Selama ini aku dan semua penghuni kost mengenalnya sebagai seorang wartawan yang idealis karena memang bekerja di media yang sangat idealis. Tepatnya radio. Sebut saja namanya H. Dia sebenarnya sudah mapan dengan posisinya kala itu. Posisi penting sudah ditangan. Jabatan, anak buah, tentu berbanding lurus dengan materi. Belum lagi soal jam terbang dan pengalaman. Sudah pasti, sehingga sangat tidak layak lagi untuk di bahas disini. Beberapa kali diskusi dengannya sangat menarik. Berbagai argumentasi diberikan. Dan memang rasanya masuk akal. Semua terasa nikmat. Walau terkadang terasa narsis dan egois, tapi memang demikianlah adanya dia. Kami memakluminya. Karena urusan keluarga, doi akhirnya pindah. Walau pindah, terkadang doi mampir ke kost. Sekedar say hello dengan penghuni baru atau sekedar nostalgia, entahlah.

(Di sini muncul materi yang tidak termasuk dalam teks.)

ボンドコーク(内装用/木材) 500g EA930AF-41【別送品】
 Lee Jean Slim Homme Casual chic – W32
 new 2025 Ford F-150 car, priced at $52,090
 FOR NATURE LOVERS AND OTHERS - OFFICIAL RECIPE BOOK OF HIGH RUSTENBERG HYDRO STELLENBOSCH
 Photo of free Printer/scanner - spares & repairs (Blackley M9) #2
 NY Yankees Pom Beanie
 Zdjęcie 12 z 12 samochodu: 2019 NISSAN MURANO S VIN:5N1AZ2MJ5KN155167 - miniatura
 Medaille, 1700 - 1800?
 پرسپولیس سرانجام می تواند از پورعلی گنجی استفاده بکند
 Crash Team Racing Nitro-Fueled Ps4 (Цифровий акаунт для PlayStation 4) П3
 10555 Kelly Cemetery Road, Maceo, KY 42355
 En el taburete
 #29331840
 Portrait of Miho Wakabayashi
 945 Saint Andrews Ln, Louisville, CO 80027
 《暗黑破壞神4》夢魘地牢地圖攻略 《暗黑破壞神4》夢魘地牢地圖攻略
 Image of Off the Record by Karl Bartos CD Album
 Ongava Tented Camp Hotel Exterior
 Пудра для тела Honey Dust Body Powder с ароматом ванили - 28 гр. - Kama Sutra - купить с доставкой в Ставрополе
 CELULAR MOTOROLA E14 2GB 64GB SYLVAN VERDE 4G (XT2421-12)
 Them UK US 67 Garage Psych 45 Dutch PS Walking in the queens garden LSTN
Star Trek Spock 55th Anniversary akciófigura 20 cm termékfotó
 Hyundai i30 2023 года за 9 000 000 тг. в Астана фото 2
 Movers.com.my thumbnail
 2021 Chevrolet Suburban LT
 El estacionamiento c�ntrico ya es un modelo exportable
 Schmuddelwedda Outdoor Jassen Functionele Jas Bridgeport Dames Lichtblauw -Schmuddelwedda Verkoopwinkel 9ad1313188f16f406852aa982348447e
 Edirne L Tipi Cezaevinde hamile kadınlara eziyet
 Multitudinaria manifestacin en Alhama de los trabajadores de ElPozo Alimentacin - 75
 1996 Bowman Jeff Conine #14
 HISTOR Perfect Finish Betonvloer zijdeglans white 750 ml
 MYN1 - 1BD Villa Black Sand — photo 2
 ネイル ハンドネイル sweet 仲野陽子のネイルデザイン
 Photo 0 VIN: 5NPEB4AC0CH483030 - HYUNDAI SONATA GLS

Tiba-tiba sore itu, dia datang setelah sekian lama. Dengan cara yang sama, sedotan filter yang tak tak pernah lepas dari mulutnya. Sesekali dikebulkan asap keluar. Terkadang batuk mengiringi. Di teras depan dia bicara bahwa sekarang dia harus beranjak tugas. Intinya pindah kantor. "Pindah kemana sih bos?" tanyaku. "TVOne" ujarnya bingung. "Lha bukannya enak tuh bos". "Gaji pasti gede tuh". "Apalagi kan masih baru begitu". cerocosku. "Masalahnya bukan cuma itu". Ini soal idealisme sih. Apalagi ini kan masih berbau Bakrie. Tau sendiri kan gimana orang-orang Lapindo menderita karena Bakrie. Sementara selama ini, kita begitu dasyat mem-blow up kasus Lapindo ini. Wah repotlah pokoknya. Belum lagi kantor lama juga berat untuk ditinggal. Apa kata dunia. Begitu kira-kira. Oh itu toh yang bikin dia pening sore itu. Tapi memang mereka menawarkan sesuatu yang "konkret" bos.
Lain lagi cerita seorang teman. Dia sehari-hari bekerja di balik salah satu program infotainment terkenal. Bahkan mengklaim bahwa program ini adalah program infotainment pertama di Indonesia. Entahlah. Dia cerita bahwa lama-lama, kerja di infotainment itu kok rasanya seperti cuci otak ya. Ya rasanya kok tak sesuai nurani saja. Begitu keluhnya suatu siang di kawasan Tebet. Kita seolah dicekoki hal-hal yang kadang diluar rasionalitas kita. Hedon & konsumerisme, itu sudah pasti. "Tapi jujur aja, kita juga butuh uang dari situ". "Jadi ya sekedar numpang hidup kali ya" selorohnya.
Yup. Idealisme memang susah-susah gampang. Ditengah hiruk pikuk dunia seperti sekarang ini, sebuah idealisme memang tak mudah diejawantahkan. Solusinya mungkin adalah kompromi. Ya, kompromi. Kompromi kan bukan berarti kita menjadi kalah dengan keadaan kan? Kompromi maksudnya, jika selama ini kita berharap jalan yang kita tempuh menghasilkan angka 10, artinya kita harus menurunkan angka tersebut menjadi 7 atau 6 mungkin dengan jalan yang sama. Sama halnya dengan pernikahan. Walau aku belum menikah hingga kini, tapi aku yakin bahwa sebenarnya pernikahan itu adalah bagian dari kompromi. Kompromi untuk menyatukan dua pikiran yang berbeda. Jangankan soal pernikahan, ketika tahap pacaran pun kita gak lepas dari kompromi-kompromi. So, bukankah hidup memang bagian dari kompromi dan kompromi. Seorang teman pernah mengatakan bahwa jika kita sedang dirudung masalah, solusinya sebenarnya cuma satu, kompromi saja dengan masalah itu. Nah lho!!!